Exponential Variables - $P(X < x | X < Y)$

Question

Find the following probability: $$P(X < x | X < Y)$$, where X and Y are independent exponential random variables with parameters $a,b$ respectively.

I'm not sure how to approach this problem. Would I need to use Bayes rule and then integrate the pdfs? I'm also unsure as to how the integrating will actually work.

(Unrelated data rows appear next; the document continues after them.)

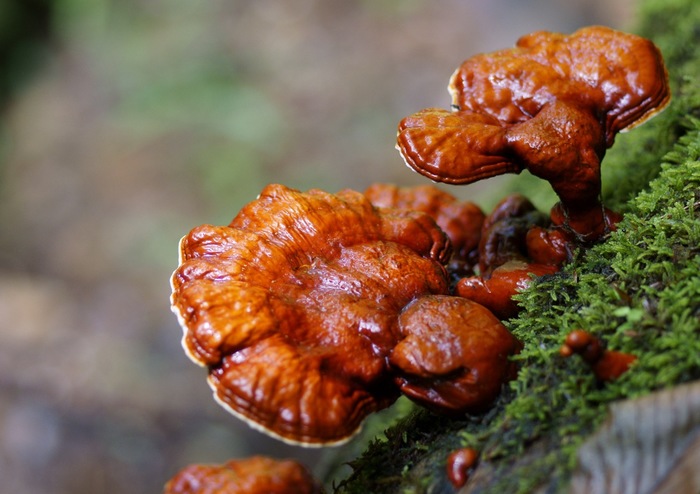 Гриб Рейши (Ganoderma Lucidum) Рейши, Грибы, Длиннопост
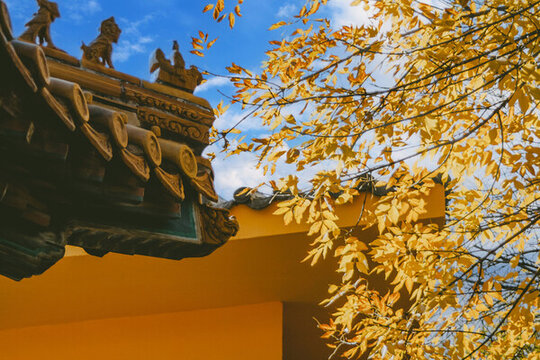 天津掛甲寺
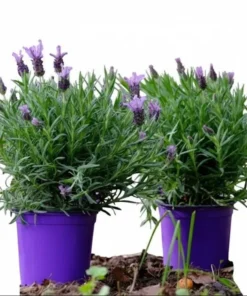 Lavender Grosso Live Starter Plant - Aromatic Perennial Herb, 3 Inch Pot - Image 8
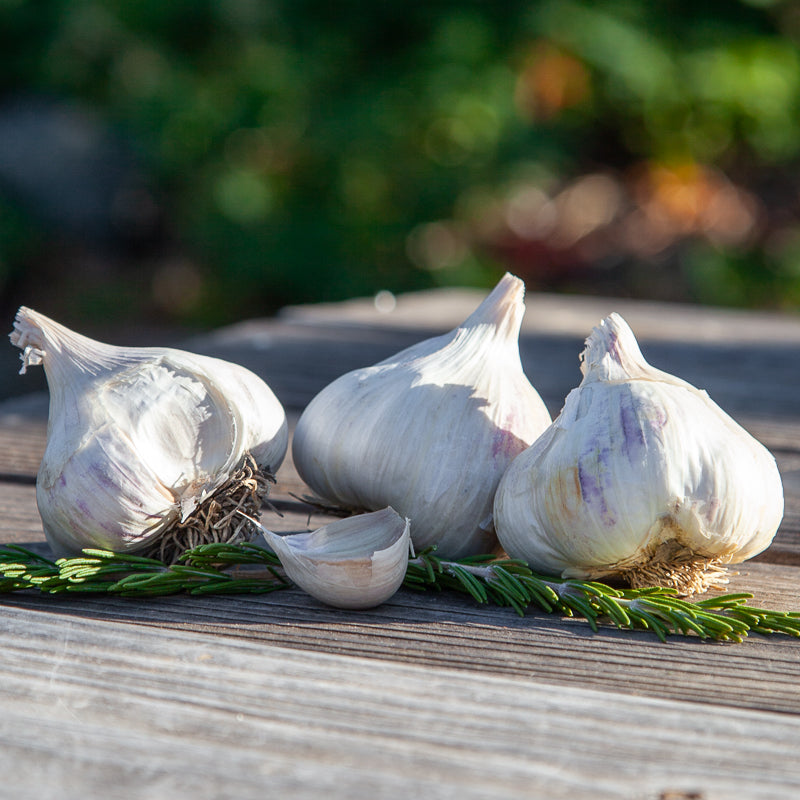 Organic Sicilian Garlic (lb) Grow Organic
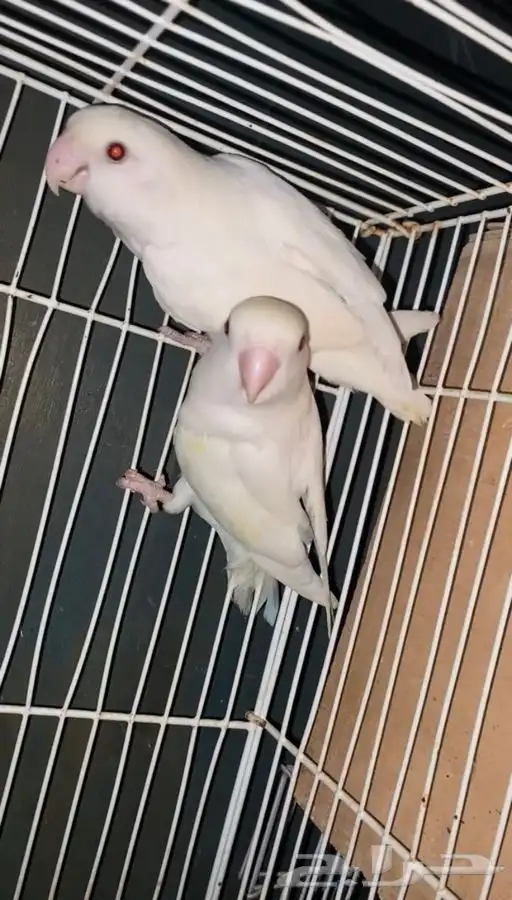 روز البينو 2 ( تممم البيع ). 6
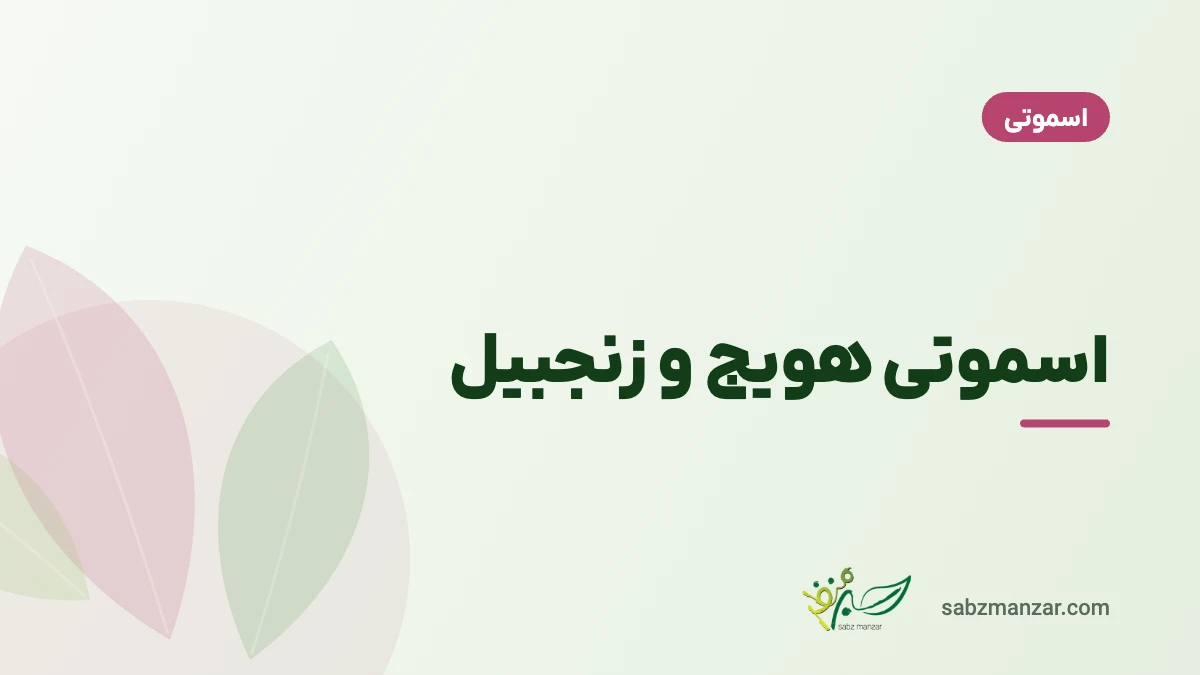 اسموتی هویج و زنجبیل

After using Bayes rule, we get: $$\frac{P(X < x, X < Y)}{P(X<Y)}$$ From general results, we know that $P(X<Y) = \frac{a}{a+b}$, so all that's left is to find the numerator. Any hints on how to do that?

Answer 1

One small aside: you didn't use Bayes' Rule to start, you used the definition of conditional probability, which states that $\mathbb P(A \mid B) = \mathbb P (A \cap B) / \mathbb P(B)$.

Some hints:

• Remember that to find any probability involving two continuous random variables, your job is to integrate the joint density function over the region describing the desired event.
• The joint density function of two independent random variables is just the product of the individual density functions.
• The desired region in this case is the subset of the $ST$-plane (using $s, t$ instead of $x, y$ because we need to have $x$ in the answer): $\{(s, t): s > 0, t > 0, s < x, s < t\}$

I'd suggest drawing that region of the plane and setting up a double integral over it.

Answer 2

I believe this is the approach. $$\begin{align}\mathrm P(X<x,X<Y)&=\mathrm P(X\lt\min(x,Y))\\[1ex]&=\int_0^\infty f_Y(y)\,\mathrm P(X\lt\min(x,y)\mid Y=y)~\mathrm dy\\[1ex]&=\int_x^\infty f_Y(y)\int_0^x f_X(u)\,\mathrm du\,\mathrm dy+\int_0^x f_Y(y)\int_0^yf_X(u)\,\mathrm du\,\mathrm dy\\[1ex]&=\frac{a}{a+b}(1-e^{-(a+b)x})\end{align}$$

Net result - answer for problem =$(1-e^{-(a+b)x}).$